Auch sind schließlich keine Gründe ersichtlich, weshalb die Organisations- und Betriebsabläufe der Vollzuganstalt durch die beantragten Interviews in nicht mehr hinnehmbarer Weise ( vgl. BVerfG, B. v. 19.7.1995 - 2 BvR 1439/95 ) gestört werden könnten: Entgegen der Auffassung der JVA müsste nicht über 4 Monate hinweg ein Raum für das Filmteam vorgehalten werden, sondern lediglich an drei Arbeitstagen. Die Kontrolle von Besuchern ( hier der Mitarbeiter des Filmteams ) ist in einer JVA ebenso Routine wie das Kontrollieren mitgeführter Gerätschaften ( hier zwei Kameras ).

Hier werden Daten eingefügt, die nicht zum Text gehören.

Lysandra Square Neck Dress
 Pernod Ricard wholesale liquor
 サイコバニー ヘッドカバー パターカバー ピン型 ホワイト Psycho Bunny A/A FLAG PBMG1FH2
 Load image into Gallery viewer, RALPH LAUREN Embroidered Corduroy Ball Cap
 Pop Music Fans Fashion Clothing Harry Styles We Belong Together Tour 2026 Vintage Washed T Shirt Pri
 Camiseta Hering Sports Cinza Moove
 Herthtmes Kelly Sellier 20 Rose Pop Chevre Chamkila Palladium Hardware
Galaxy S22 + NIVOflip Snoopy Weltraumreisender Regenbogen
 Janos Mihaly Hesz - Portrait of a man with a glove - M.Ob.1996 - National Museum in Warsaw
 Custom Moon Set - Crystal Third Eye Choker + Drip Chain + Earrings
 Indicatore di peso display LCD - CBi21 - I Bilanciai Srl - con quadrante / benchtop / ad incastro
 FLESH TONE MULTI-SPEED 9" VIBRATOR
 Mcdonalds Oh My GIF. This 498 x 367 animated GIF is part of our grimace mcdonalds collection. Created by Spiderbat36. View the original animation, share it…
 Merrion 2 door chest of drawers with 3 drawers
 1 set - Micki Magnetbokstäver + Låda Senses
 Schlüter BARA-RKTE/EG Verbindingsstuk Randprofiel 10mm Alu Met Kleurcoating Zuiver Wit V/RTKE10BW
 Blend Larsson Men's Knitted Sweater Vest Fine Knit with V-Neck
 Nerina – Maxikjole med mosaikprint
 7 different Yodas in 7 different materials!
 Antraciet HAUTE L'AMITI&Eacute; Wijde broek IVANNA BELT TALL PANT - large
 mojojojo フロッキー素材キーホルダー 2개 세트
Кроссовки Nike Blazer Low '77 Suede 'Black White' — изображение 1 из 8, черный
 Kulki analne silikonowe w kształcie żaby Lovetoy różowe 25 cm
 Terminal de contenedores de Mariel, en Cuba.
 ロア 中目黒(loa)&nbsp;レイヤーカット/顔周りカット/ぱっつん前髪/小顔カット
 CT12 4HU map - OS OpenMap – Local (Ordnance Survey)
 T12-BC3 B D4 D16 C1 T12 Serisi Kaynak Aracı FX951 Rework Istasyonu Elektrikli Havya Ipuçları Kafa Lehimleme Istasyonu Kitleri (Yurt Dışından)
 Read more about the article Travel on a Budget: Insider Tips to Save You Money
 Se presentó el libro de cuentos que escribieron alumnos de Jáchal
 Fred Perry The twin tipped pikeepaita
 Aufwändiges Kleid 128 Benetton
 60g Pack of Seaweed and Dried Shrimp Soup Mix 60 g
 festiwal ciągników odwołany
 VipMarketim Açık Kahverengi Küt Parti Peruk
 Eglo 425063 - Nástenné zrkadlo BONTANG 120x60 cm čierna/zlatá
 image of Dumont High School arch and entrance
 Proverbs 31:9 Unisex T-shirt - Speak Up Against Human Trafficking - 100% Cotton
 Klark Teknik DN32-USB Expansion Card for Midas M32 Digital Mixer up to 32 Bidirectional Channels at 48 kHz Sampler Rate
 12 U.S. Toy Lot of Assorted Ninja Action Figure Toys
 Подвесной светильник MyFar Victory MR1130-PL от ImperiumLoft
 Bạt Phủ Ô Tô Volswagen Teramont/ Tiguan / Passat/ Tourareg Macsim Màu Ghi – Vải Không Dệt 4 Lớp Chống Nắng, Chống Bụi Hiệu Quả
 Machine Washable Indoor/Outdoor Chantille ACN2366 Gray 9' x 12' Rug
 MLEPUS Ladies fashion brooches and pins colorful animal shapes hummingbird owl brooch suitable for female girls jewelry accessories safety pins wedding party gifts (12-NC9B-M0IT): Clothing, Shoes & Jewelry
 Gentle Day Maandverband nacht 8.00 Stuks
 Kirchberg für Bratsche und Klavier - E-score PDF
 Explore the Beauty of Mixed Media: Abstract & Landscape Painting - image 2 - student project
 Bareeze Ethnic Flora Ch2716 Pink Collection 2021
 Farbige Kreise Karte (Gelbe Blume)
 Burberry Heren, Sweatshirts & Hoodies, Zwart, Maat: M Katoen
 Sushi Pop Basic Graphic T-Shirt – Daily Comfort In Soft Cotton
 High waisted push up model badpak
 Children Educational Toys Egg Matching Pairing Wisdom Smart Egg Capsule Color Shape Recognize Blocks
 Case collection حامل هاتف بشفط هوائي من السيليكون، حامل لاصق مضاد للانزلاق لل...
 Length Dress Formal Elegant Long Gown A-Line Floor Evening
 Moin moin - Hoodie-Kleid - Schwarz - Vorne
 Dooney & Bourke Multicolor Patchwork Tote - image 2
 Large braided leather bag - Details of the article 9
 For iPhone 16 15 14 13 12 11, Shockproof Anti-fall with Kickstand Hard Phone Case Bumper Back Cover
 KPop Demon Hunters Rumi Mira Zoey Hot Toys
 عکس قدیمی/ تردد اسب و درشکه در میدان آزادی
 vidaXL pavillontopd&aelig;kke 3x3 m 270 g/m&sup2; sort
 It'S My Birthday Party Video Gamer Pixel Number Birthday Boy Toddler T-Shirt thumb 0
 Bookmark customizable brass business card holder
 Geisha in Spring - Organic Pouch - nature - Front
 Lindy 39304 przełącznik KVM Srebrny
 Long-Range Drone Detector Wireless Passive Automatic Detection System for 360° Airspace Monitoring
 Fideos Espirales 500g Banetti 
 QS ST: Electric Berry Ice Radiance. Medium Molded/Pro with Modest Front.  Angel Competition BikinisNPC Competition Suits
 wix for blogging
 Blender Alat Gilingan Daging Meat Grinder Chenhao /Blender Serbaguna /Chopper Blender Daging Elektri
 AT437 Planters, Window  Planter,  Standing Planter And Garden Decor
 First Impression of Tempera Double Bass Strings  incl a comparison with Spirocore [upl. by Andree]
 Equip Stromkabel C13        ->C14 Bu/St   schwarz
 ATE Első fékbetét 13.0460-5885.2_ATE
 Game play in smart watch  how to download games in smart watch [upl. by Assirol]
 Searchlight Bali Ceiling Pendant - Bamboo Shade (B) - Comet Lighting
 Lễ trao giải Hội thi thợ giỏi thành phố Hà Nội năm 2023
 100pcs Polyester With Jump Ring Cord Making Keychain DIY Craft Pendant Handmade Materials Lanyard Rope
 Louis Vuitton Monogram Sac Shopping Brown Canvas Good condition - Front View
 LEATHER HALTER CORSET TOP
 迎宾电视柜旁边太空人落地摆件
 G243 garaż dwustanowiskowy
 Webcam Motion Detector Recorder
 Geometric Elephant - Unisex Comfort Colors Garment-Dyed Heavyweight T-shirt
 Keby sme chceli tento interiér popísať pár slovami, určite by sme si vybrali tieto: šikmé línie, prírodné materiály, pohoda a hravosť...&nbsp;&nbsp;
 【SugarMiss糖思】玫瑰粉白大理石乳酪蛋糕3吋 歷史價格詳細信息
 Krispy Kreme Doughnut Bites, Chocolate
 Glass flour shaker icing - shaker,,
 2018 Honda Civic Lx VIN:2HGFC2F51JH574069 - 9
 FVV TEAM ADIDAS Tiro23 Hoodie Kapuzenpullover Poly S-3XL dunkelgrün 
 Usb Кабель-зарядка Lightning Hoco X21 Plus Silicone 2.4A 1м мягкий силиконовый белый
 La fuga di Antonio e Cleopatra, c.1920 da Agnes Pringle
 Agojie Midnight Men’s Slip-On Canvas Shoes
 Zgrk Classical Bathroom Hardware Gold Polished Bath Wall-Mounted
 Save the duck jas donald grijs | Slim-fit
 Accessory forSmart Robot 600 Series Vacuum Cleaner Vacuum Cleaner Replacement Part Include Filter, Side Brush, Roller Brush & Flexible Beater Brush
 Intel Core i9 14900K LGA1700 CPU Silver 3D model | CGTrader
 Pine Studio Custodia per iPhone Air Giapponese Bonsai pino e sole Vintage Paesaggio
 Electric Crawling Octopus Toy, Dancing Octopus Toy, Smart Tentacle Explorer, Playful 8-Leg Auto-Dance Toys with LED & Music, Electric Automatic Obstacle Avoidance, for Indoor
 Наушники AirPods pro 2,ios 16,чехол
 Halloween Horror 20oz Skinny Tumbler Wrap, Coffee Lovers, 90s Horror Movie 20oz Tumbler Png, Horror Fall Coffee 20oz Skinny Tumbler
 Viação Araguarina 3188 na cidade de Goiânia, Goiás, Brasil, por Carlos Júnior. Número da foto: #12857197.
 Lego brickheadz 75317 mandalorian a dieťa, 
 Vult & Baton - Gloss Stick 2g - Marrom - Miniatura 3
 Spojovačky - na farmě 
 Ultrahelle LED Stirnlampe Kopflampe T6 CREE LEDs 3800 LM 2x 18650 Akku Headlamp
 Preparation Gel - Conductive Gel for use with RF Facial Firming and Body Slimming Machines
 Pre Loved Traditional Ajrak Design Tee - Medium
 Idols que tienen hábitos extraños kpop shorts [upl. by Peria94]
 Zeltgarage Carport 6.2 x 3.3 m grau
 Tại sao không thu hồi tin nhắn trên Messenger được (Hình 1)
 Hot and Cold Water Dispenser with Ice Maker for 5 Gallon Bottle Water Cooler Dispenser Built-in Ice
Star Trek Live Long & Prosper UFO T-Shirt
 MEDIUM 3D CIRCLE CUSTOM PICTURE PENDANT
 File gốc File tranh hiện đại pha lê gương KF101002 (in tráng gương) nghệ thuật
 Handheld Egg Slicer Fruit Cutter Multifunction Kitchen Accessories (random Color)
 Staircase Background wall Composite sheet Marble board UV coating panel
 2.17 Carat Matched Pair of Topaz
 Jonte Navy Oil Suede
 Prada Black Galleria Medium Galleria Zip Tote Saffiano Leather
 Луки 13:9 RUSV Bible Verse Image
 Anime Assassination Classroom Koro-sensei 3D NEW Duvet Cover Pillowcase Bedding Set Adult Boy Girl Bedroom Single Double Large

Dabei ist im vorliegenden Fall noch zu beachten, dass sich weder in der Person der Besucher noch in der Person des Angeklagten - wie möglicherweise bei Personen, die wegen Verstoßes gegen das BtMG verurteilt worden sind - Anhaltspunkte für einen Missbrauch finden lassen und insbesondere das Einbringen unerlaubter Gegenstände eher fern liegt. Der mit den Kontrollen verbundene Zeitaufwand ist daher hinnehmbar. Dies gilt auch, soweit die Interviews dazu führen, dass ein Beamter während der Aufnahmen - auch nach Auffassung des Senats - anwesend sein muss. Die Auffassung der JVA, durch das Fehlen dieses einen Bediensteten könne "die Beaufsichtigung der Gefangenen nicht (mehr) in dem erforderlichen Umfang erfolgen", bzw. blieben "Dienstpositionen unbesetzt" und könnten "wichtige Dienstgeschäfte nicht, nur mit Verspätung oder durch Heranziehung von Bediensteten aus anderen Bereichen, die dann in diesen Bereichen wieder fehlen würden", erledigt werden, weshalb die Betriebs- und Organisationsabläufe der JVA in nicht mehr hinnehmbarer Weise gestört sein könnten, vermag der Senat nicht zu teilen. Diese Überlegungen sind nicht durch konkrete Tatsachen belegt.

Ebenso wenig bietet der allgemeine Gleichbehandlungsgrundsatz im vorliegenden Fall einen Ansatz, die beantragten Interviews zu versagen. Es hängt in erster Linie von dem Interesse der Öffentlichkeit ab, ob der Angeklagte oder andere Insassen der JVA Gelegenheit erhalten, sich in den Medien zu den ihnen zur Last gelegten Taten zu äußern ( vgl. BVerfG, a.a.O. ). Die dem Angeklagten zur Last gelegte Tat hat ein ganz besonderes öffentliches Interesse hervorgerufen, dafür, dass sich Anträge dieser Art wiederholen und damit die Möglichkeiten der JVA überfordert würden, gibt es derzeit keine Anhaltspunkte.

Die Kostenentscheidung folgt aus §§ 467, 473 III StPO in entsprechender Anwendung.